[Recorded information]
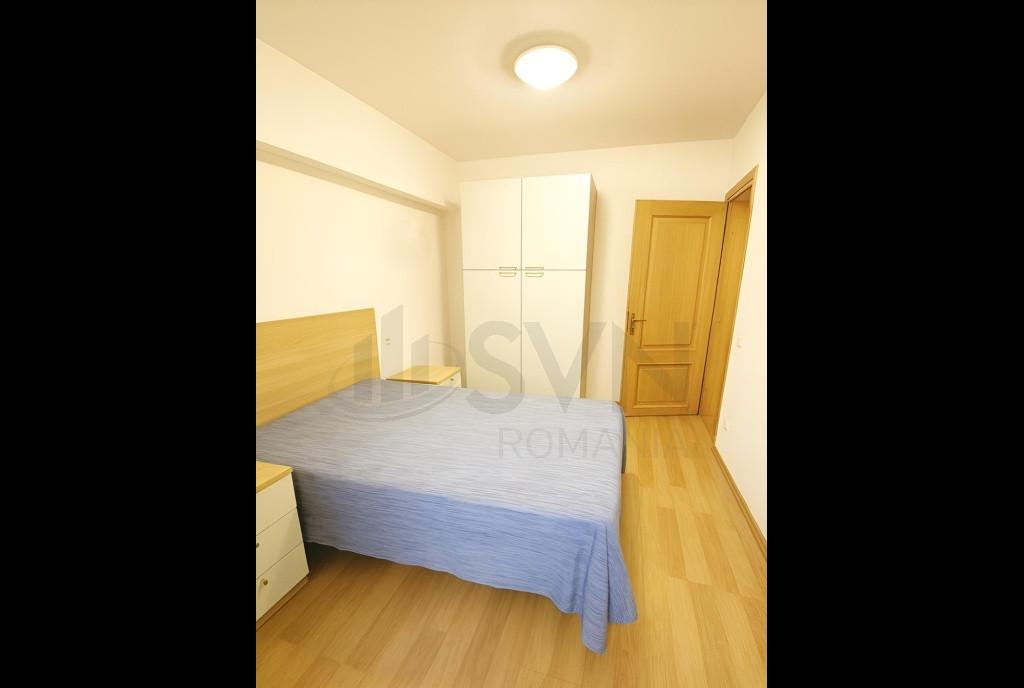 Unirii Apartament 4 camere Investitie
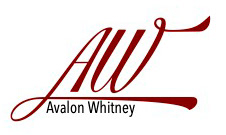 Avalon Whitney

* * *

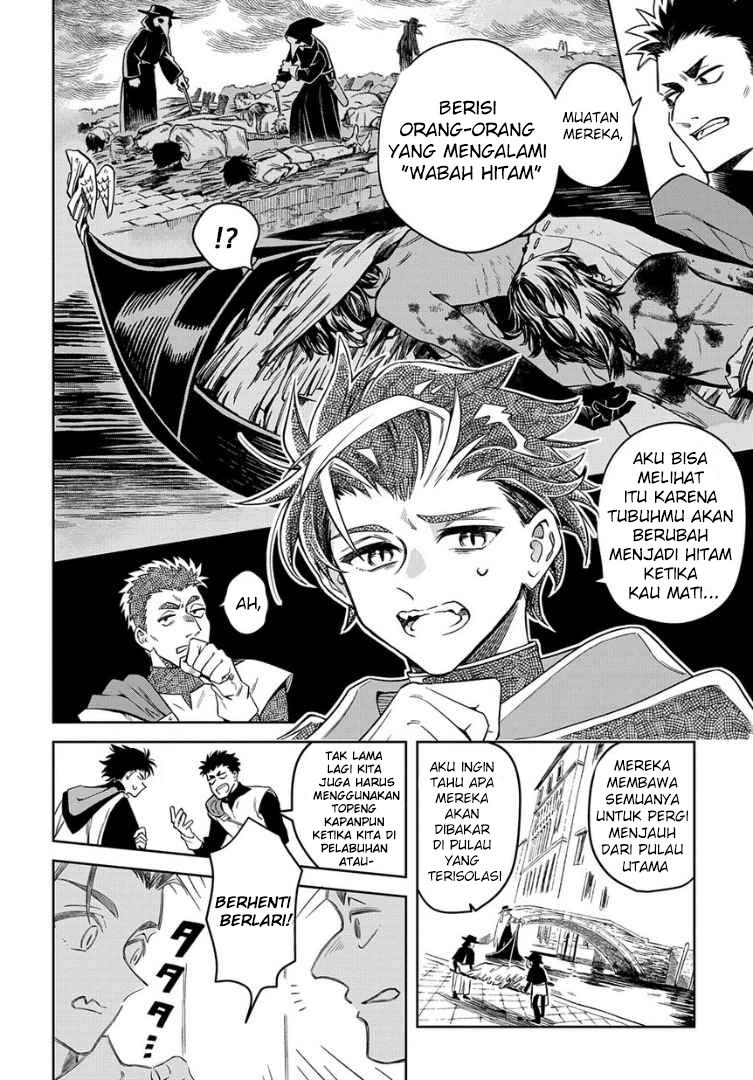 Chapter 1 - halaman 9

--

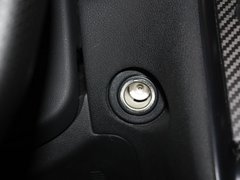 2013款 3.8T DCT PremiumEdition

[Goal of the exercise] Lines from the one above containing "Unirii Apartament 4 camere Investitie" down to the one containing "Avalon Whitney" should be transcribed exactly, with both ends kept and no pictures.

[Answer to this problem]
 Unirii Apartament 4 camere Investitie
 Avalon Whitney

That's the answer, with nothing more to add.